Puis vers 17 h 30, les destinées de tout un chacun divergent : certains vont tester la literie dans leur hôtel respectif avec maman (pas de nom), d'autres vont se maquiller (Beck), se faire belle (Mineur), prendre une douche (Knacki), effectuer une micro-sieste (Jipi), courir (Cruchot), s'habiller (Zizou), tester le mini-bar (Forest), regarder la télé (Granule), réparer le joint de culasse de sa bagnole (Wilki), effectuer une visite de courtoisie au dispensaire (le Doc), acheter des clopes à Béhobie (Bud), s'essayer au surf (la Teigne), aller chez le coiffeur (Dudule), ramener des souvenirs pour sa belle-mère (Minimoys), se faire des UV (pipo), épiler (Ze Bank) avant de se donner rendez-vous à Jean Dauger pour la rencontre Bayonne / UBB.

18 h 30, place aux professionnels du ballon ovale. Nous tous, situés tribune sud non abritée : pluie, vent, grêle, froid.
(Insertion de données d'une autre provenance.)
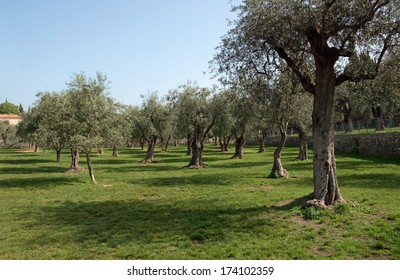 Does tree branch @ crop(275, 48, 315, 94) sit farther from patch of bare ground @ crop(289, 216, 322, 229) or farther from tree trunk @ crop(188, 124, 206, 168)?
tree trunk @ crop(188, 124, 206, 168)

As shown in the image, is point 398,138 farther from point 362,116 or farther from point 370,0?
point 362,116

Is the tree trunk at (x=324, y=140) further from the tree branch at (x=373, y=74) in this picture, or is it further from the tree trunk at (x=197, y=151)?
the tree trunk at (x=197, y=151)

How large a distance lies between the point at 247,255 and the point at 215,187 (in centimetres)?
1329

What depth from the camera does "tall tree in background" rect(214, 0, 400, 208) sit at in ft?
41.9

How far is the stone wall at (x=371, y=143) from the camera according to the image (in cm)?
3409

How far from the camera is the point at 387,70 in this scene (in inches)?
577

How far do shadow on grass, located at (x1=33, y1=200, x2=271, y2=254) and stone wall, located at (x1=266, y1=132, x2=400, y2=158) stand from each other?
2568 cm

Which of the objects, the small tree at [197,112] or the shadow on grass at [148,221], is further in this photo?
the small tree at [197,112]

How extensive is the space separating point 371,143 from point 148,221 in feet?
112

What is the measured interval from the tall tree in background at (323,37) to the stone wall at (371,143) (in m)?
23.3

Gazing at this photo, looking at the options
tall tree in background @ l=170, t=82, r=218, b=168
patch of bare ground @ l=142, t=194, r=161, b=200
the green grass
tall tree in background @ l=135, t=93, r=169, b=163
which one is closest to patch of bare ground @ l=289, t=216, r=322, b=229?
the green grass

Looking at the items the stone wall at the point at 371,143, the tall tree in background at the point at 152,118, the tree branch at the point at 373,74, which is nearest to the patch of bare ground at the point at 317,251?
the tree branch at the point at 373,74

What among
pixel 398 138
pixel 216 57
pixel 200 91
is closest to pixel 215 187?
pixel 216 57

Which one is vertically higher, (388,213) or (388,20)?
(388,20) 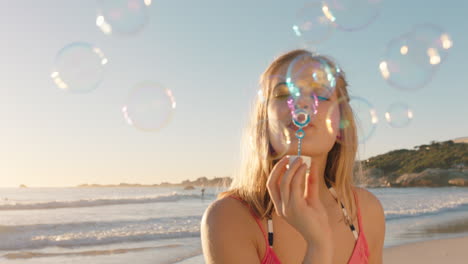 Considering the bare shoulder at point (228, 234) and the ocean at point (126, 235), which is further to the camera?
the ocean at point (126, 235)

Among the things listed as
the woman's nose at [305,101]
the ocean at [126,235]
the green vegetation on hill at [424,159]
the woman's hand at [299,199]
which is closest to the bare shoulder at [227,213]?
the woman's hand at [299,199]

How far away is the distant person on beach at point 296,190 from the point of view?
5.99 feet

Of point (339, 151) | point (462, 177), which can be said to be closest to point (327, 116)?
point (339, 151)

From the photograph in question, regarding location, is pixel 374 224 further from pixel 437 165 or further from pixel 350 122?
pixel 437 165

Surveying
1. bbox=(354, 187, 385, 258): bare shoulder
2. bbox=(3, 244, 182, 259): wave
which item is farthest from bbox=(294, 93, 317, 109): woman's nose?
bbox=(3, 244, 182, 259): wave

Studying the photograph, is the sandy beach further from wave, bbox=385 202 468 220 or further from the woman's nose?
the woman's nose

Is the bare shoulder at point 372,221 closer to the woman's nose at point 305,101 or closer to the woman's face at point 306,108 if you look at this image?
the woman's face at point 306,108

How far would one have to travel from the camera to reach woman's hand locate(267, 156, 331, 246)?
1.75 metres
Le pied ! Un ralenti ? Voir l'écran géant situé … derrière notre tribune ! Bonjour le torticoli ! D'autant que sur la pelouse, le spectacle n'est pas folichon, tandis que l'ambiance si souvent vantée (ventée?) de Jean Dauger nous paraît en deçà de nos espérances. Pas grave. On applaudit, chambre, encourage nos couleurs qui finissent par l'emporter sur le fil du rasoir. Nous ne retiendrons que le score.

Dispersion des troupes frigorifiées aux membres engourdis, humides, aux chairs molles.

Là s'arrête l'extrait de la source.